-- TASK --
Throughout the listing that follows, find each line with the word "Before" and copy it.

-- RECORDED INFORMATION --
+---+

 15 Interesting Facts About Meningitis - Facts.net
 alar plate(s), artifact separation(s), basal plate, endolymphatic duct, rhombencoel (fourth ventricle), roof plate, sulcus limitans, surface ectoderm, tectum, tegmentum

+---+

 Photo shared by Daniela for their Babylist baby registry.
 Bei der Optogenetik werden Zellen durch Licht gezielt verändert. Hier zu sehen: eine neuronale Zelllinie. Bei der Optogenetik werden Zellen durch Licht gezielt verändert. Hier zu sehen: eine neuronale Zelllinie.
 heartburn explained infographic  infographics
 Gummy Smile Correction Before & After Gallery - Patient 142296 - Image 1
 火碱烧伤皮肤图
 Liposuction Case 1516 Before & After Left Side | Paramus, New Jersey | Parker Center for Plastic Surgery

+---+

-- ANSWER TO THIS PROBLEM --
 Gummy Smile Correction Before & After Gallery - Patient 142296 - Image 1
 Liposuction Case 1516 Before & After Left Side | Paramus, New Jersey | Parker Center for Plastic Surgery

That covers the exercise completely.